ABOUT THIS EXERCISE
For this exercise, please transcribe exactly and only the lines from the one containing "wolf198732 online show from May 2, 1:21 am" through the end of the material, both ends included, without pictures.

EXERCISE DATA
+-------+
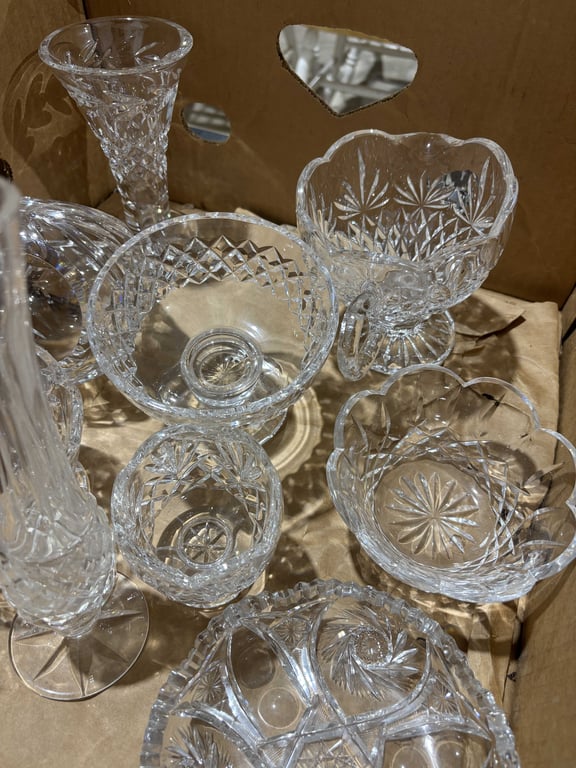 9 Pieces of Misc Glassware - Image 3
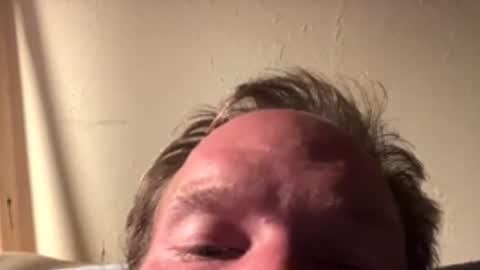 wolf198732 online show from May 2, 1:21 am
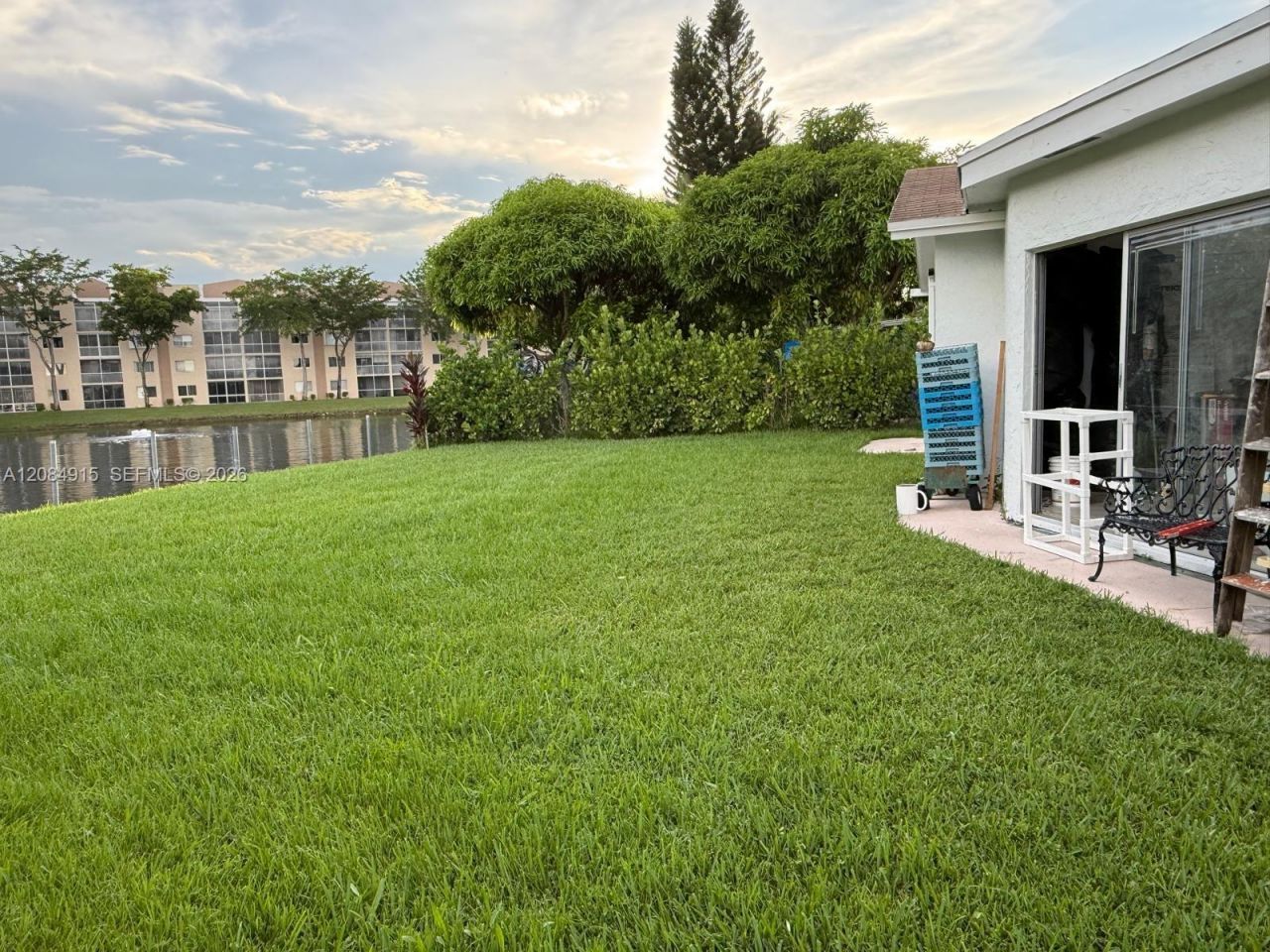 9606 NW 80th St, Tamarac, FL 33321 Photo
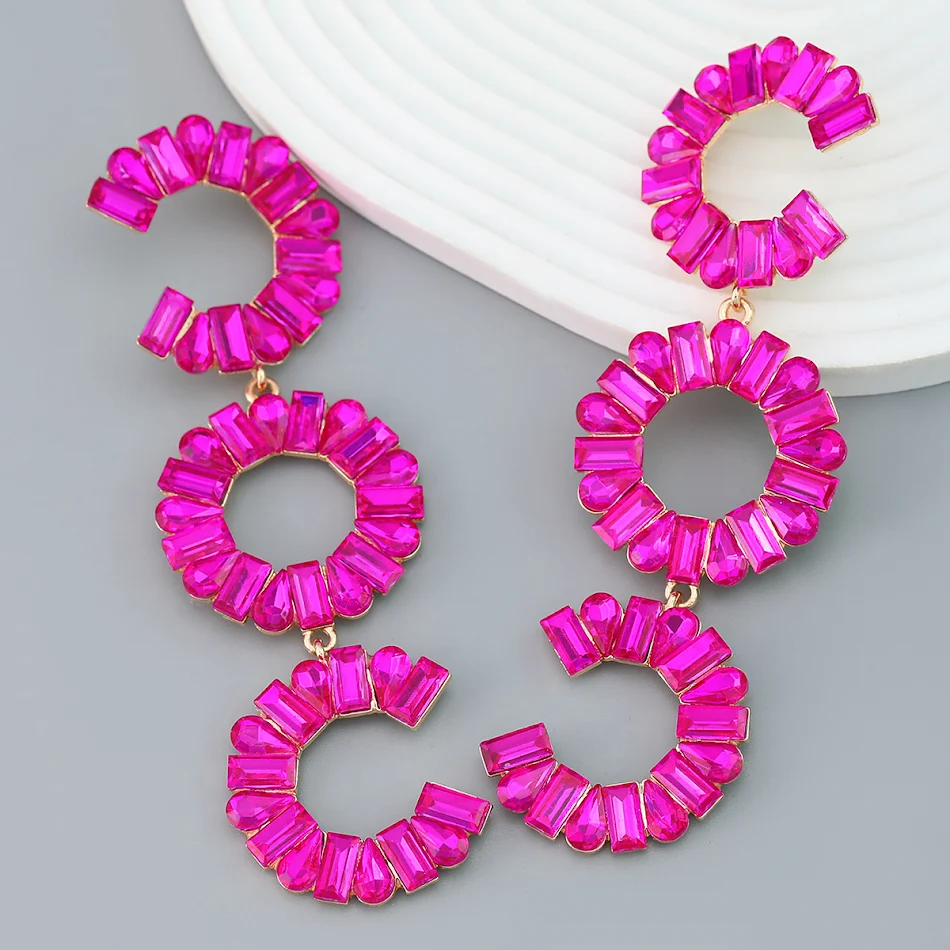 Boucles d'oreilles longues en forme de C extravagantes pour femmes, ornées de cristaux colorés, pour un style audacieux.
+-------+
ANSWER
 wolf198732 online show from May 2, 1:21 am
 9606 NW 80th St, Tamarac, FL 33321 Photo
 Boucles d'oreilles longues en forme de C extravagantes pour femmes, ornées de cristaux colorés, pour un style audacieux.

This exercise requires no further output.